How do we estimate \(\beta\)?

Consider the simple case where \(y = \beta_0 + \beta_1x + \epsilon\).

\[\begin{aligned} \hat{\beta}_0 &= \bar{y} - \hat{\beta}_1\bar{x} \\ \hat{\beta}_1 &= \frac{\sum_{i=1}^n(x_i-\bar{x})(y_i-\bar{y})}{\sum_{i=1}^n(x_i-\bar{x})^2} \\ &= \frac{s_{xy}}{s_x^2} \\ &= r_{xy}\frac{s_y}{s_x} \end{aligned}\]

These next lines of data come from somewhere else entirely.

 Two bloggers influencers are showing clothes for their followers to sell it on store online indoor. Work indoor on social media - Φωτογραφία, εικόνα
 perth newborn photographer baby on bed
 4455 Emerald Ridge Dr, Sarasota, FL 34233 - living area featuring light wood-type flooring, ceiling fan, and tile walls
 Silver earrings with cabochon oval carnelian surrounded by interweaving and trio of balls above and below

Notice how the sample correlation, covariance, variances, and coefficients are all related.

x <- c(0.25,1,1.75)
y <- c(13, 18, 19)
plot(x, y, pch=20, cex=4, xlim=c(0, 2), ylim=c(10, 20))

x <- c(0.25,1,1.75)
y <- c(13, 18, 19)
plot(x, y, pch=20, cex=4, xlim=c(0, 2), ylim=c(10, 20))
abline(12, 4, col="blue", lwd=2)
abline(14, 4, col="red", lwd=2)
abline(lm(y~x), lwd=2)

Error

\[e_i = y_i - f(x_i)\] Our goal is to minimize overall error.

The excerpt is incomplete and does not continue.